- _EXERCISE INSTRUCTIONS_
Quote the entries word for word. Omit the pictures.

- _EXTRACTED DATA_
- - -

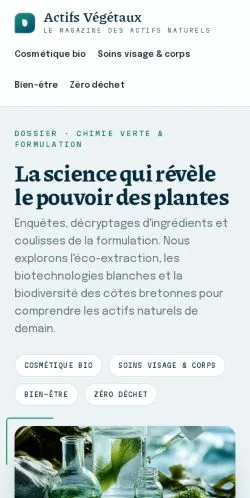 Vorschau der Website Actifs Végétaux, gelistet für die Veröffentlichung gesponserter Artikel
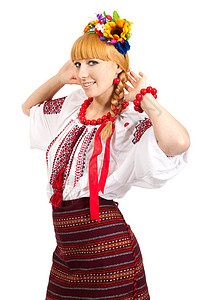 具有吸引力的妇女穿着乌克兰国民服饰 民俗学 传统脸高清图片素材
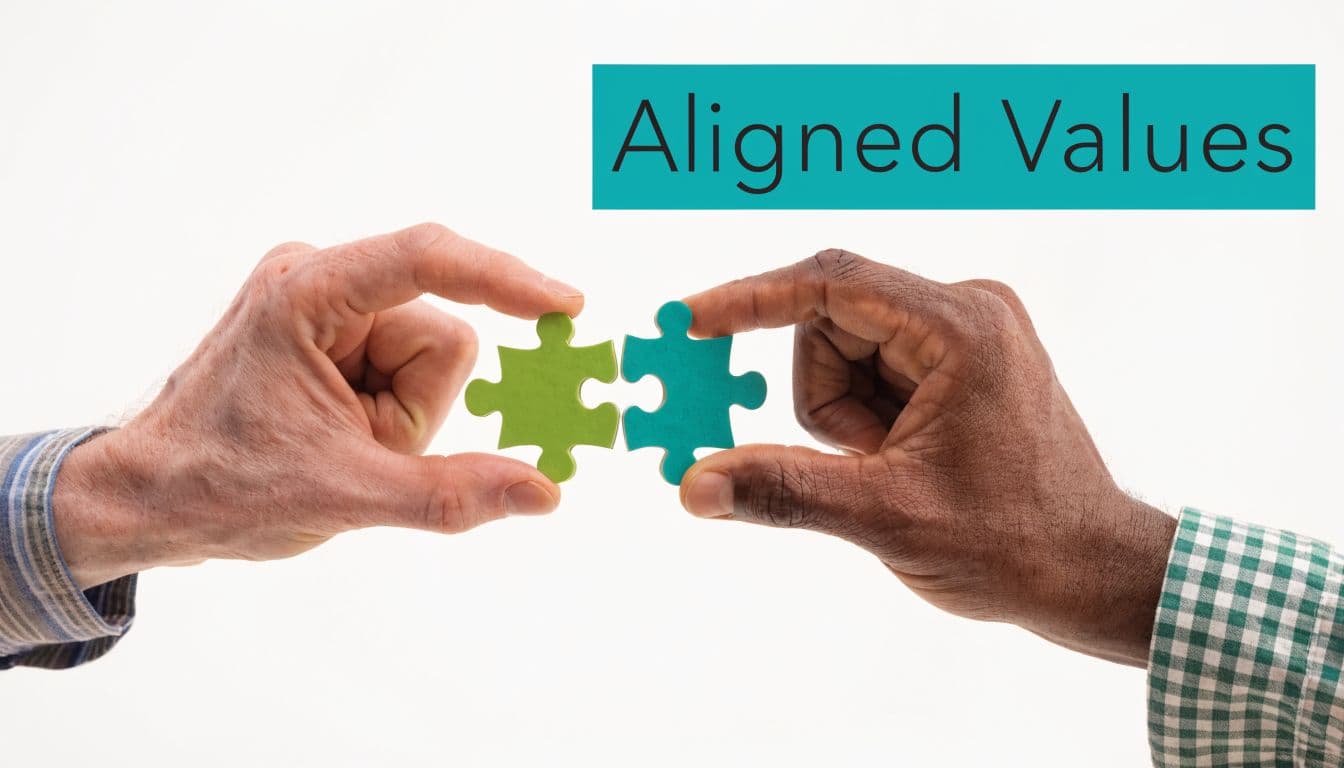 Two people of races holding matching green and teal jigsaw puzzle pieces together for alignment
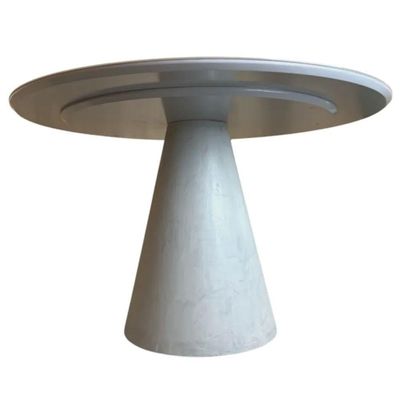 Mesa de Jantar Mesa de Jantar Cone Cimento Queimado 130 cm Tampo Laca Branca 6 Lugares Redonda MDF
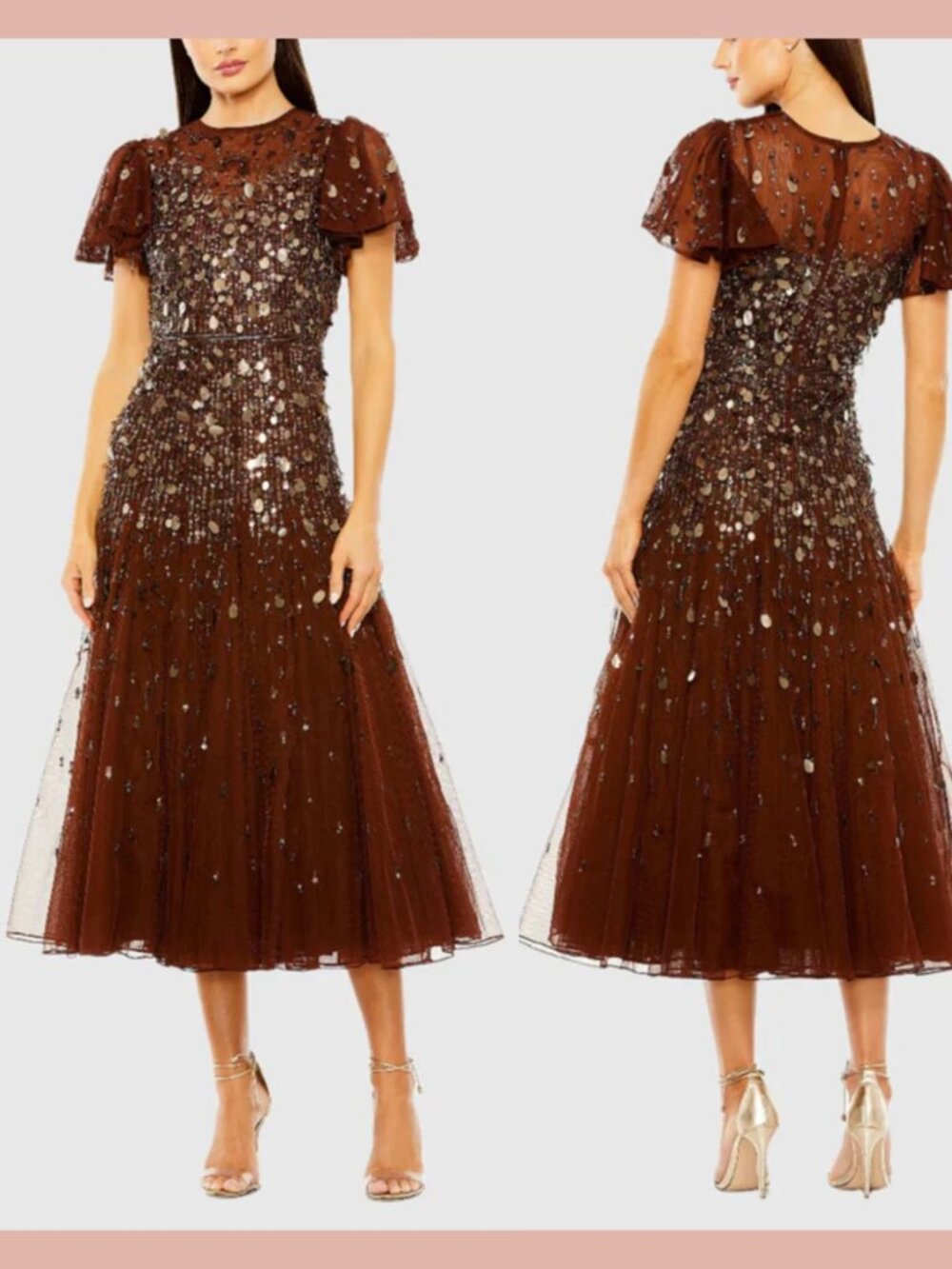 MAC DUGGAL 24018 Flutter Sleeve Sheer Top Beaded Midi Dress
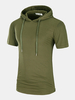 Mens Casual Hooded T-shirt Drawstring Mid Long Regular Fit Fashion Top Tees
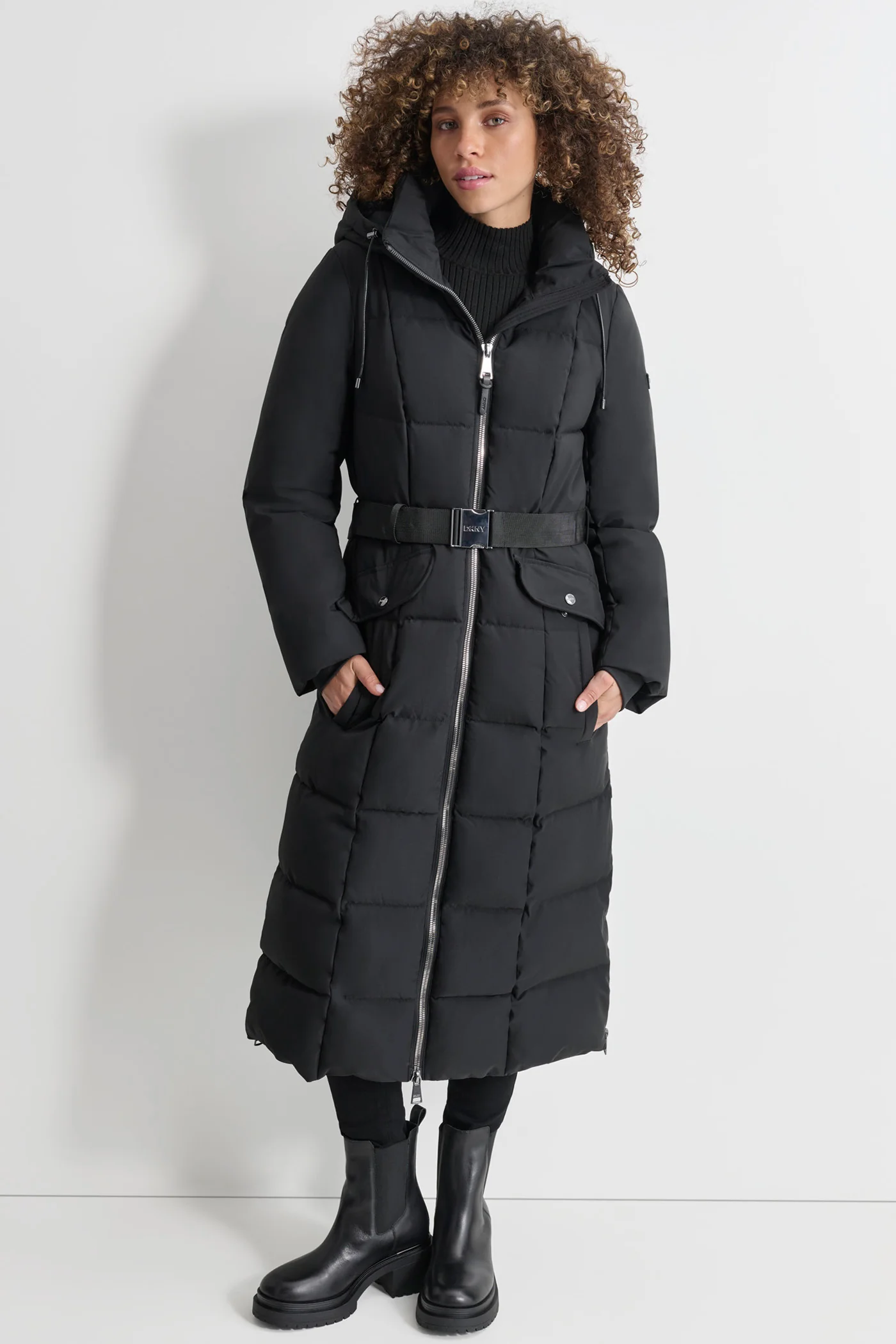 BOX QUILT LONG PUFFER WITH BELT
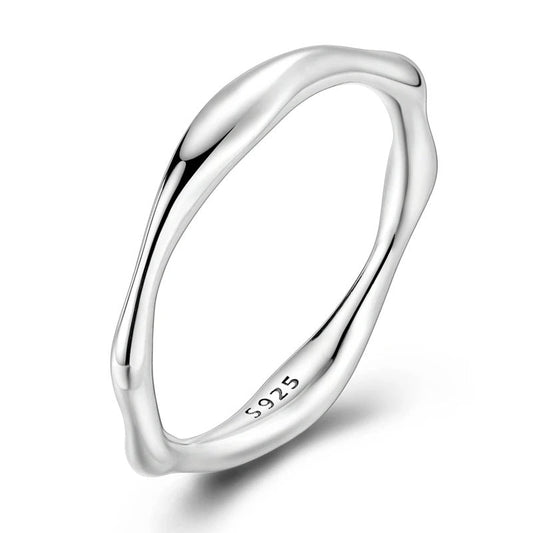 Sterling Silver Wavy Simple Band Ring
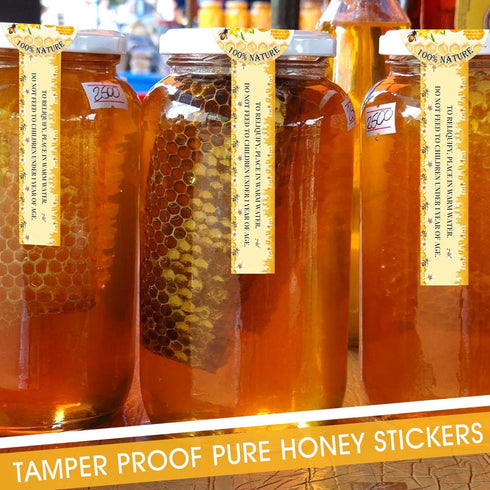 Well Tile 500Pcs 1 3.5 Inch-Tamper Pure Honey Stickers Safe Secure Tamper Evident Seals Stickers for Lids x Proof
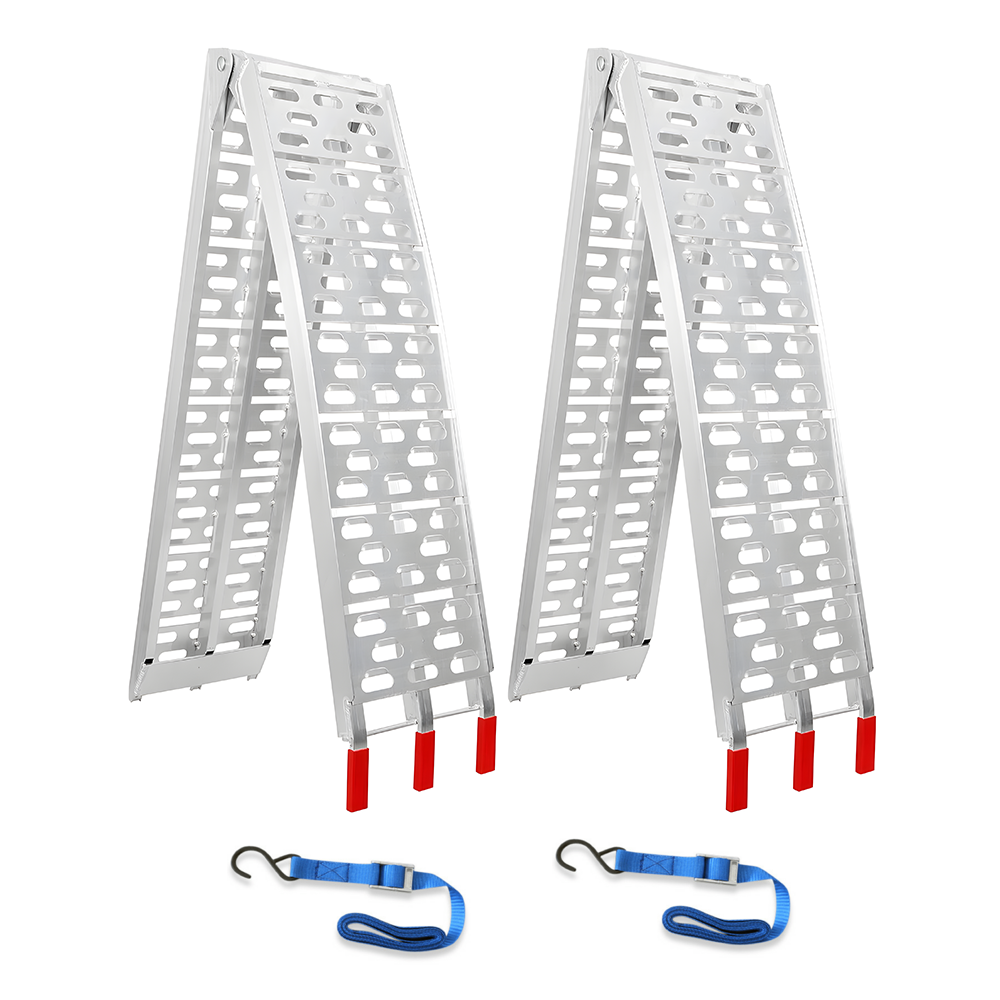 Heeve 2.3m x 680kg Aluminium Curved Folding Loading Ramps, Pair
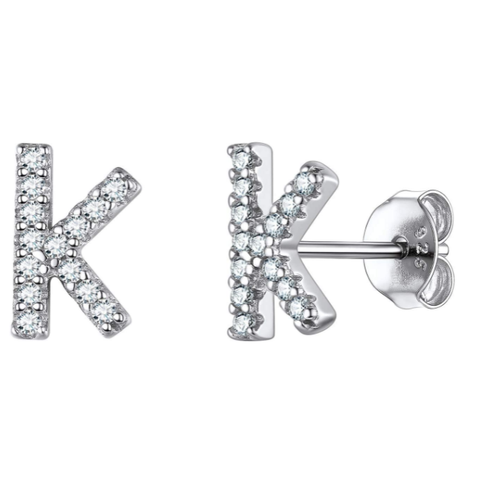 Image of זוג עגילי אות זירקונים כסף 925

- - -

- _ANSWER TO THIS TASK_
 Vorschau der Website Actifs Végétaux, gelistet für die Veröffentlichung gesponserter Artikel
 具有吸引力的妇女穿着乌克兰国民服饰 民俗学 传统脸高清图片素材
 Two people of races holding matching green and teal jigsaw puzzle pieces together for alignment
 Mesa de Jantar Mesa de Jantar Cone Cimento Queimado 130 cm Tampo Laca Branca 6 Lugares Redonda MDF
 MAC DUGGAL 24018 Flutter Sleeve Sheer Top Beaded Midi Dress
 Mens Casual Hooded T-shirt Drawstring Mid Long Regular Fit Fashion Top Tees
 BOX QUILT LONG PUFFER WITH BELT
 Sterling Silver Wavy Simple Band Ring
 Well Tile 500Pcs 1 3.5 Inch-Tamper Pure Honey Stickers Safe Secure Tamper Evident Seals Stickers for Lids x Proof
 Heeve 2.3m x 680kg Aluminium Curved Folding Loading Ramps, Pair
 Image of זוג עגילי אות זירקונים כסף 925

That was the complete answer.